◆ **What you have to do**
The answer is the exact run of lines in the listing below from the line containing "Смешные котики новогодние" up to and including the line containing "Best Toxic Mold", with pictures removed.

◆ **Data to examine**
[Start of Attachment]

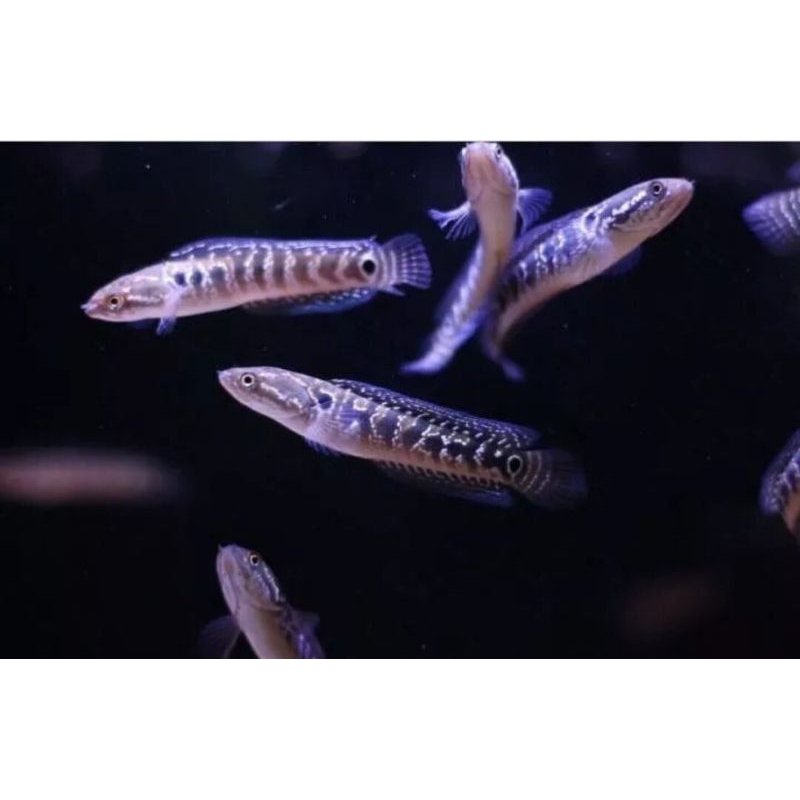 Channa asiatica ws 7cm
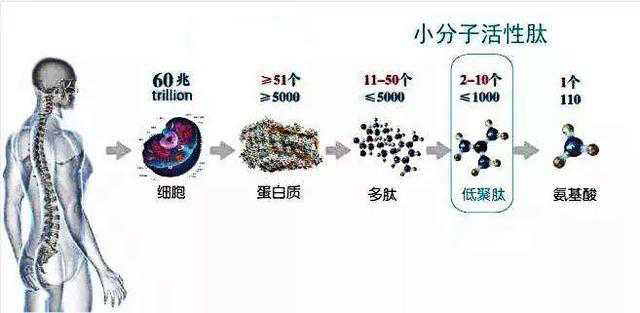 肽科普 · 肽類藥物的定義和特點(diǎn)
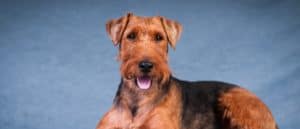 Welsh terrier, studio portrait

[End of Attachment]
[Start of Attachment]

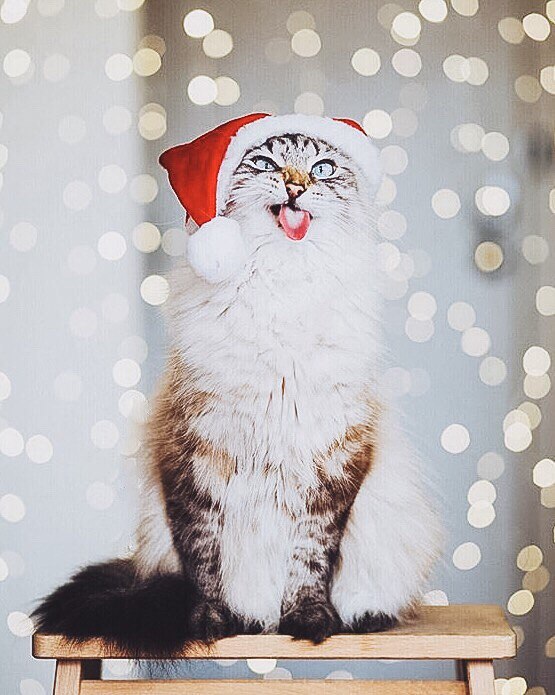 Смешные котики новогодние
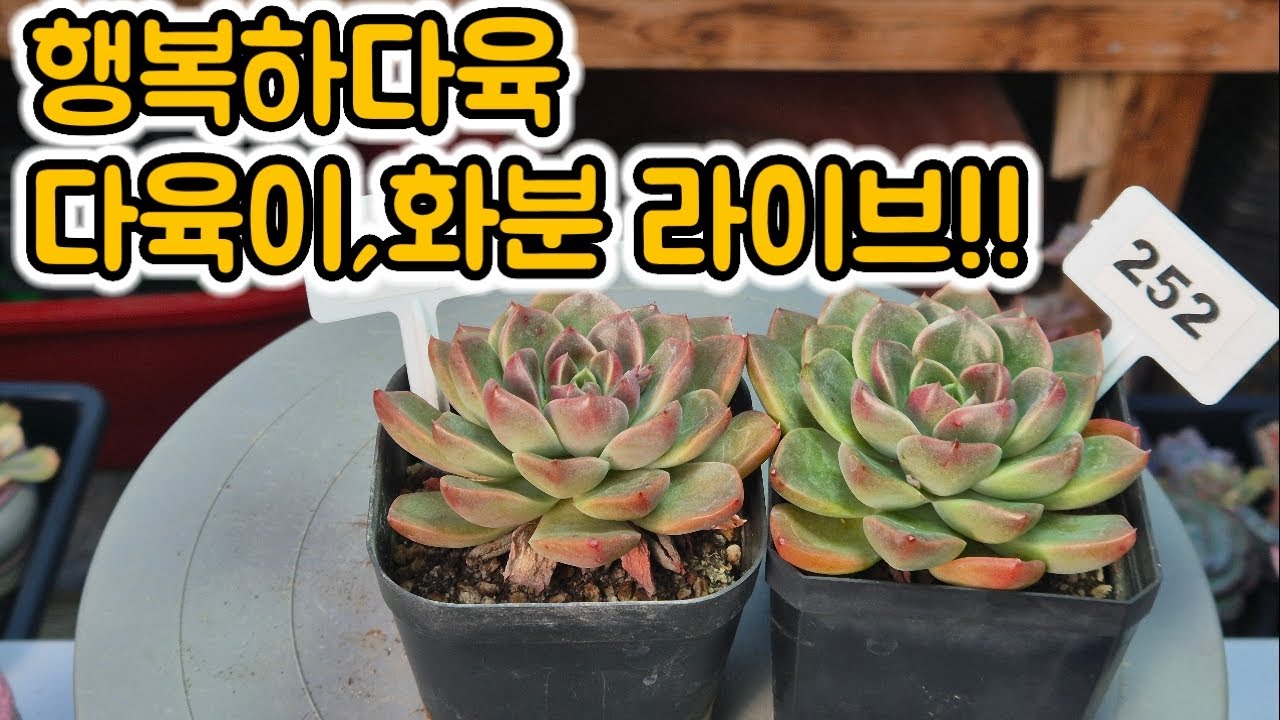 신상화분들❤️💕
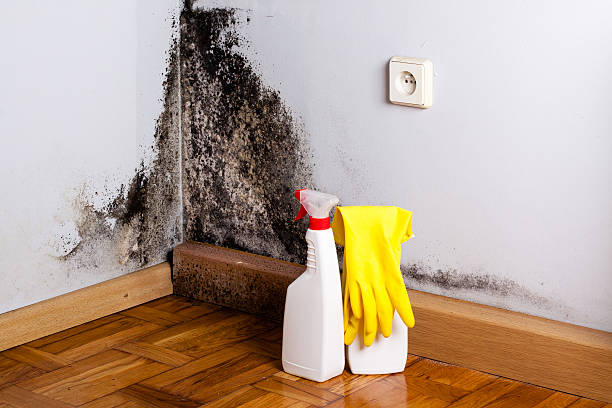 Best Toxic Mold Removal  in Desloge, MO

[End of Attachment]

◆ **Answer**
 Смешные котики новогодние
 신상화분들❤️💕
 Best Toxic Mold Removal  in Desloge, MO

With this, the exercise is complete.